New wealth and value emerges when we connect and interact.  When we combine our resources and skills and when we exchange information and experience, something new and better can emerge; something extra, which wasn’t there before the pieces started interacting. 2 plus 2 becomes 5.

And indeed, just now, we are putting amazing technology in the hands of more or less everybody on the planet to share knowledge and mobilize a greater diversity of resources and contributors. We’re all set.

But connecting and co-creating also requires trust, confidence and cohesion in society. You will not engage with others if you believe it will only make you weaker and them stronger. If you don’t agree or understand the goals, if you don’t even feel part of the system, you will retreat and try to wall yourself off. Or lash out.

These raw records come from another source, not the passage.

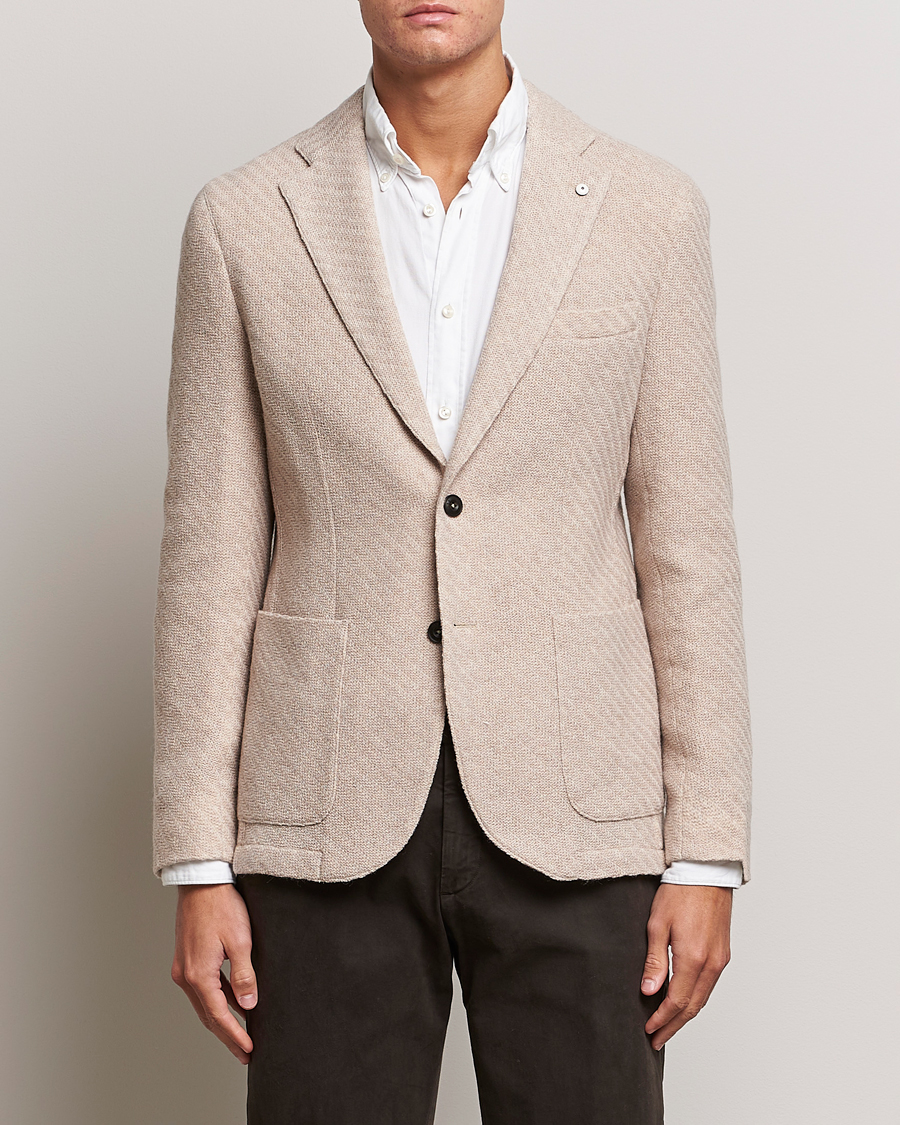 Herre | Dressjakker | L.B.M. 1911 | Knitted Punto Wool Structure Blazer Beige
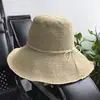 Chapéu de Palha Verão Novo Dobrável Crochê Proteção Solar Aba Larga Feminino Praia Férias Versátil Chapéu de Sol Chapéu de Pescador Tendência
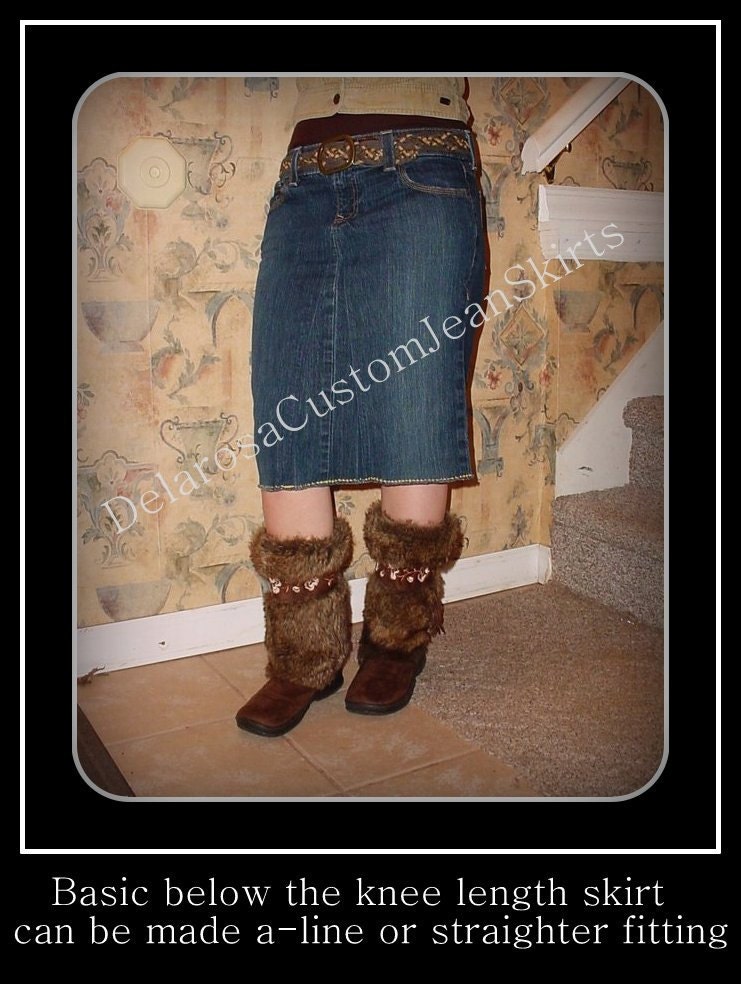 Custom to your size short Jean Skirt below the knee size 16-18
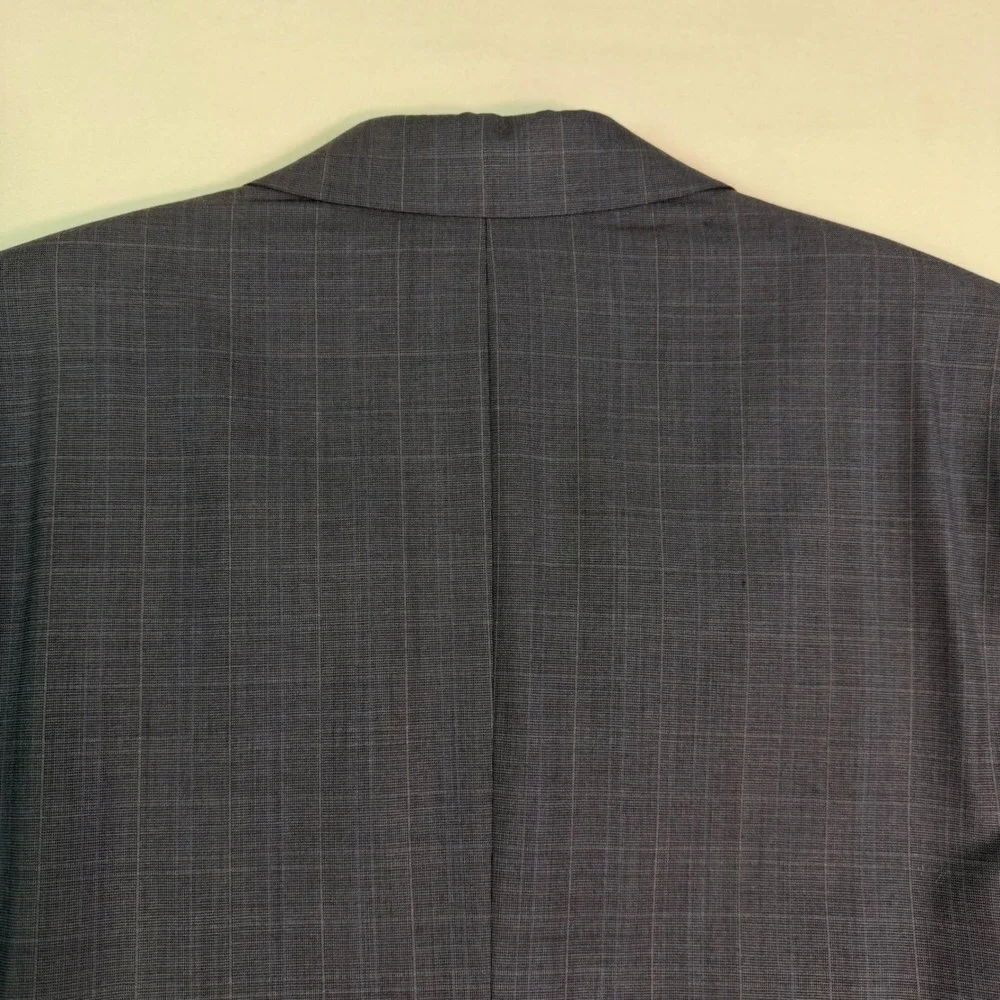 Jos. A. Bank Mens 40R Suit Jacket Blazer Blue Gray Glen Plaid Wool Slim Fit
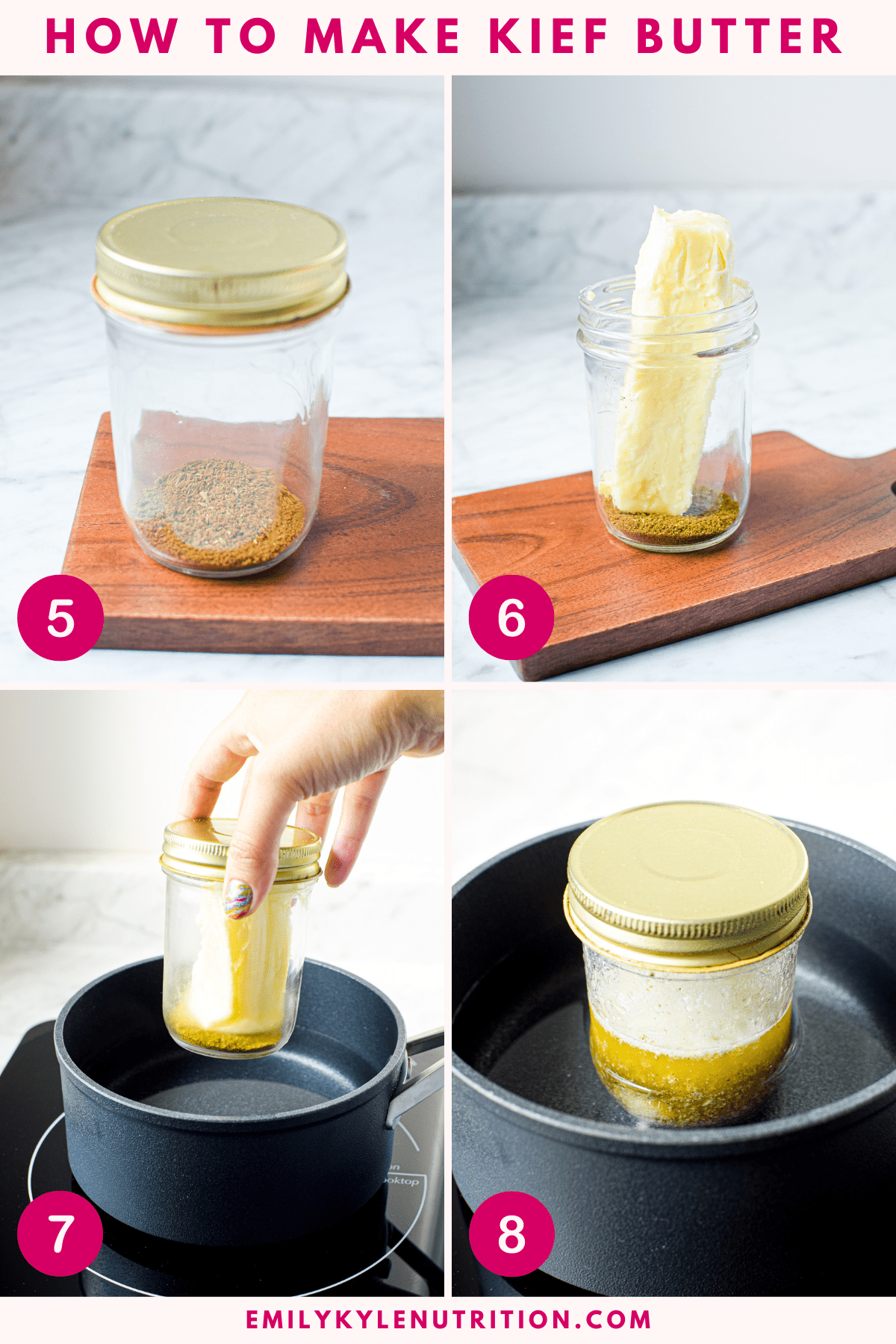 A four step image collage showing how to make kief butter.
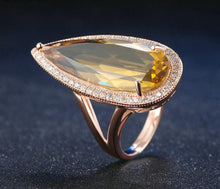 Load image into Gallery viewer, LAMOON Luxury Gemstone Natural TearDrop Citrine 925 Sterling Silver Cocktail Ring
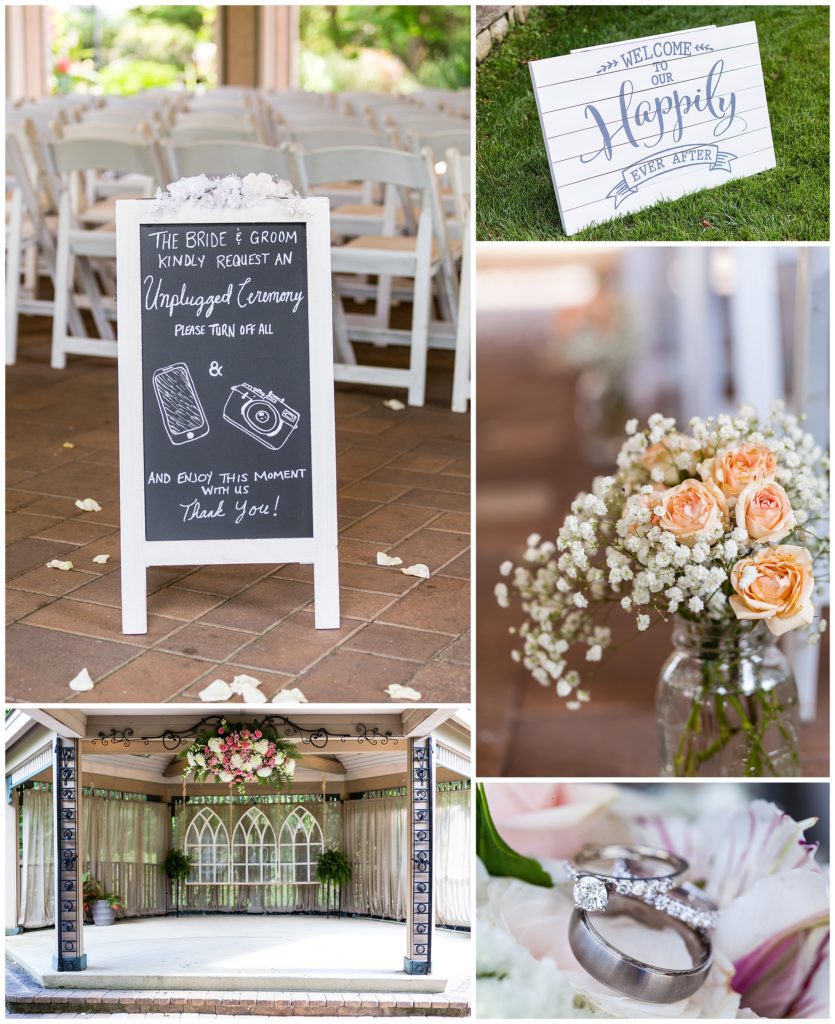 Scotland Run outdoor wedding ceremony details with flowers in the aisle, unplugged ceremony sign, and wedding band detail collage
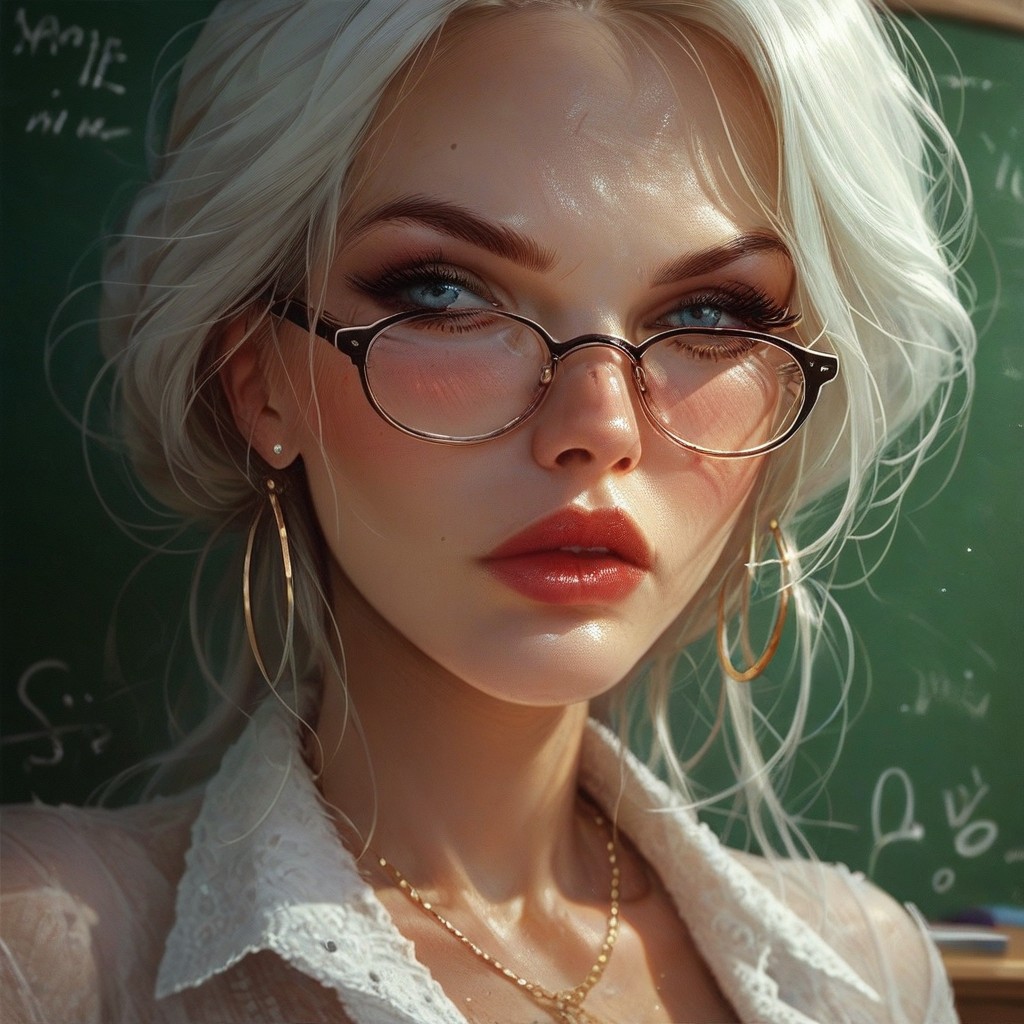 score_9, score_8_up, interesting background, masterpiece, (high quality), complex , highly detaily, solo,  in a class,  perfect face, beautiful, mature, milf, teacher, curvy, wide hips, tight skirt, glasses, serious expression, blushed, body focus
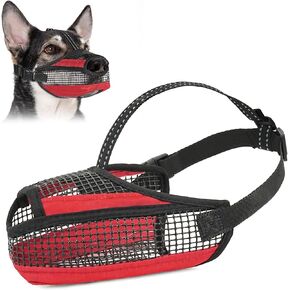 Soft Mesh Dog Muzzle with Reflective Strap - Lightweight Muzzle Adjustable Dogs to Prevents Biting, Chewing & Licking, Open Nose Design Reduces Friction & Enhances Comfort (Red, M) in Kuwait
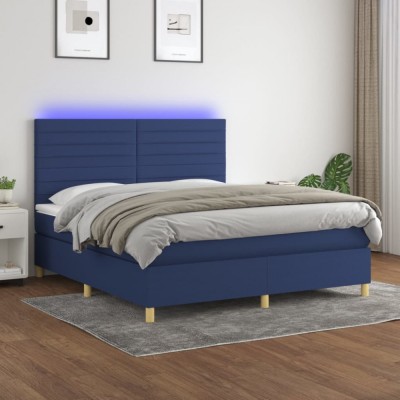 vidaXL Pat cu arcuri, saltea și LED, albastru, 160x200 cm, textil foto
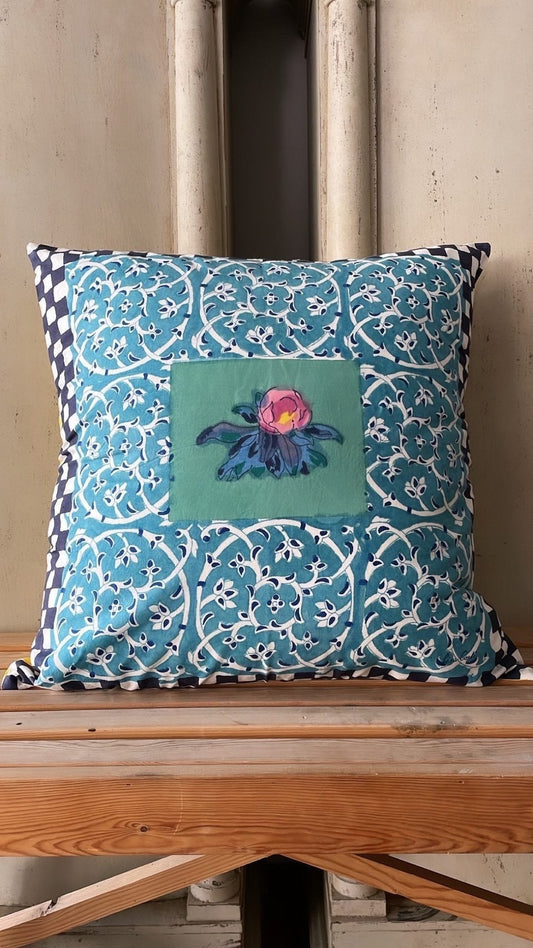 Tiles Green - Pillow Cushion Cover 60x60 -| Lisa Corti - Bon Ton goods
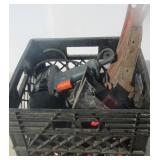 Jack stands, pipe wrenches, power drill, pipe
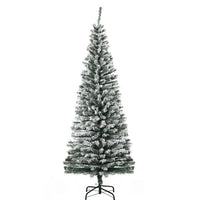 HKM-514323 6ft Snow Flocked Artificial Christmas Tree with Metal Stand for Indoor Holiday Decor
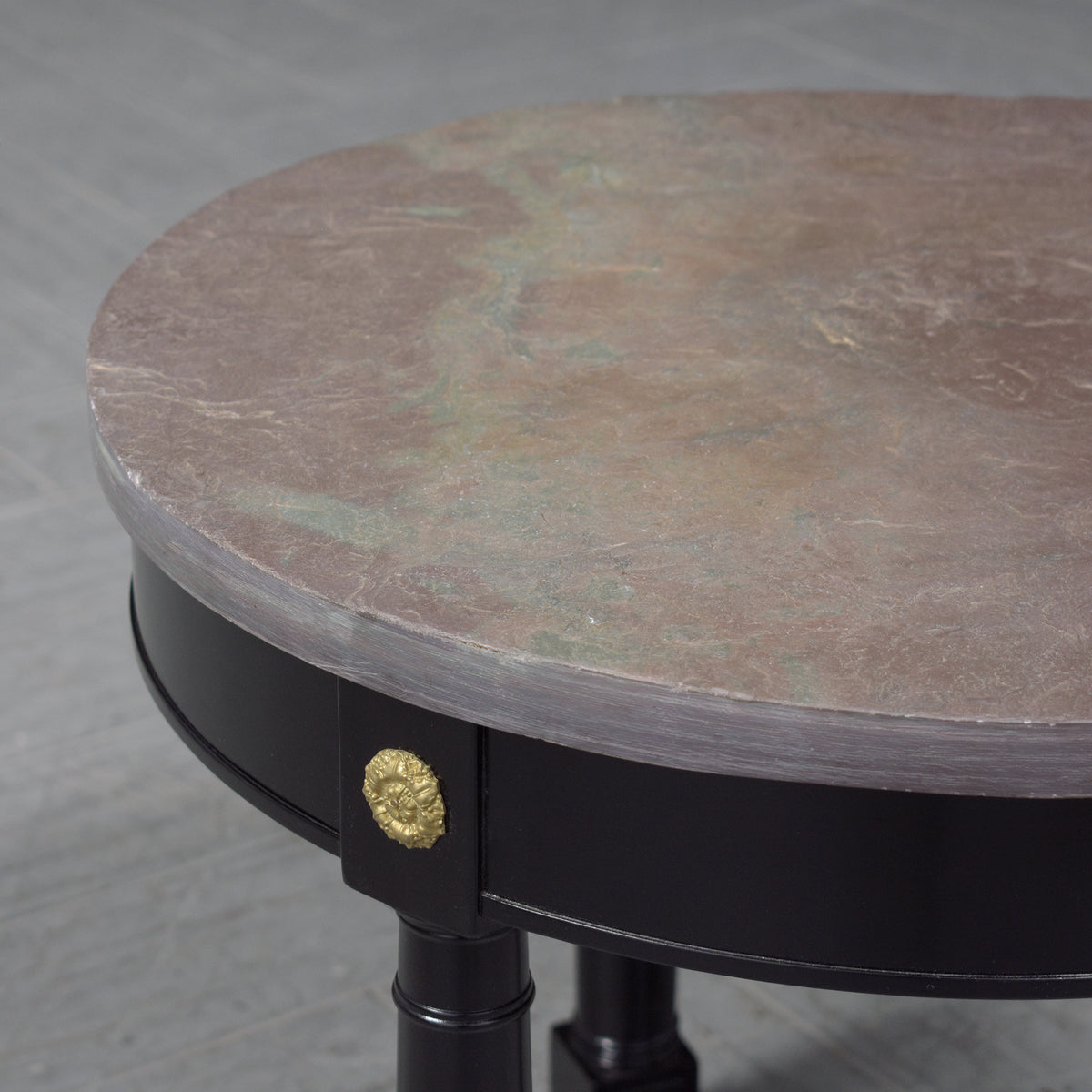Vintage Regency-Style Round Side Table with Grey Marble Top & Brass Accents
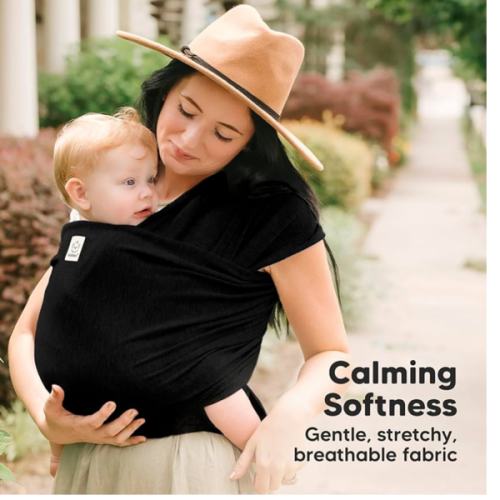 KeaBabies Baby Wrap Carrier - All in 1 Original Baby Carrier Newborn to Toddler Sling, Easy to Wear, Hands Free Bonding, Lightweight, Breathable Infant Wraps (Trendy Black)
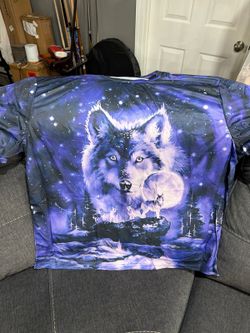 Wolf Moon Galaxy Graphic T-Shirt 4XL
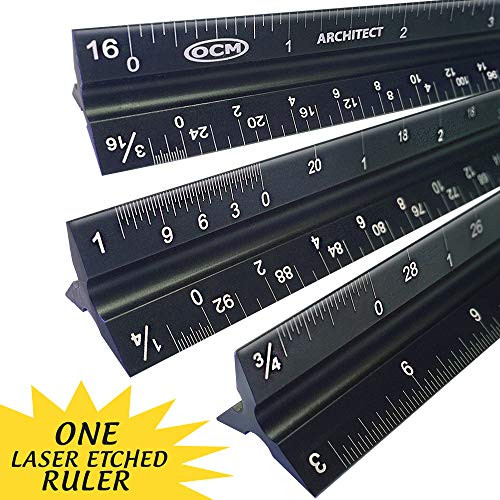 OCM 1 Laser Etched Architect - 12 inch Anodized Triangular Architect Imperial Scale Ruler (Professional Grade Solid Extruded Aluminum) Imperial Scale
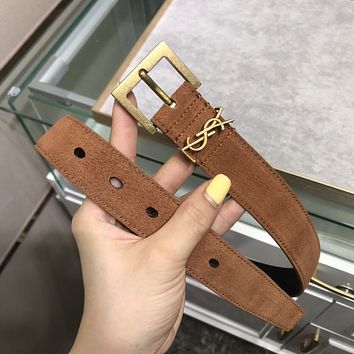 ysl womens mens fashion smooth buckle belt leather belt monogram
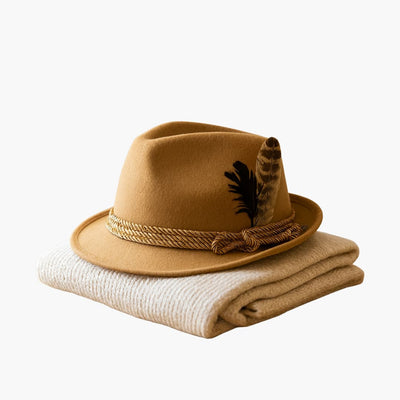 Bayerischer Filz hut mit Feder für Herren - Oktoberfest 2025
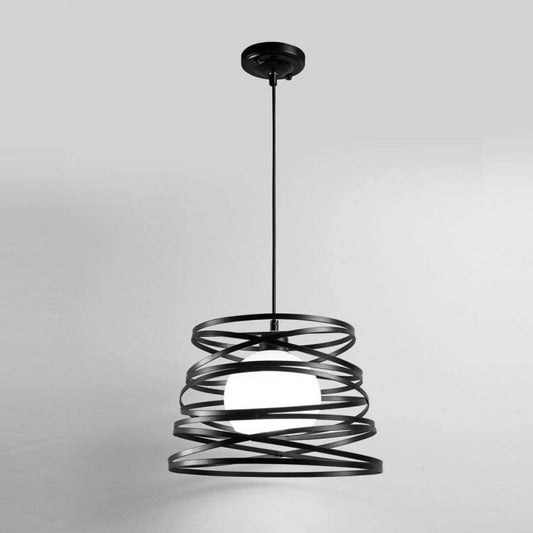 Lampadario Moderno A Sospensione Fasce Intrecciate Ferro Attacco E27 Filo 120Cm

We cannot escape the reality that we are already 7.5 billion on the same planet and we all want a better life. We are connected and interdependent, whether we like it or not. We can’t escape each other, and unless we cooperate we will not develop ways of living that leave enough for everybody without trashing the planet.

A WE-economy may sound naïve and out of touch with reality at a time when global politics are dominated by a retreat from international cooperation and by a confrontational attitude. The US, Russia, Great Britain, Turkey… all are preoccupied with nationalism, shutting borders, leaving courtesy and compromises behind in order to strengthen themselves and their community. The ME-first approach has swept across the planet.

 

Nevertheless, this book is an argument for why we must continue to listen and learn from others, why we should reach out, explore, find ways of extending our networks, and seek solutions that are beneficial to the entire system around us. It’s an argument for openness, inclusion and sharing.

I am not presenting any universal solutions or suggesting that we should all just live happily together in close harmony.

But we can’t afford to stay in a ME-economy - fragmented, shortsighted and local. We will waste our opportunity for progress – and it could bring us down in a very painful way.

At a personal level and at a political level, the central challenges of the coming years will all depend on findings ways to coexist in an ever-tighter connected system.

We will be competing with each other. Progress will emerge from our race to create the best solutions. But the kind of growth that will drive the economy will be more complex and it will require greater and broader cooperation. At the same time, it will be increasingly clear that the foundation for progress is undermined for everyone if growth only benefits a few at the expense of large parts of the population.

We must find ways of making sure that everyone can find a meaningful place and have a sense of belonging to a society that works in everybody’s interest.

We need to learn to think as WE. It’s different – but different can be better.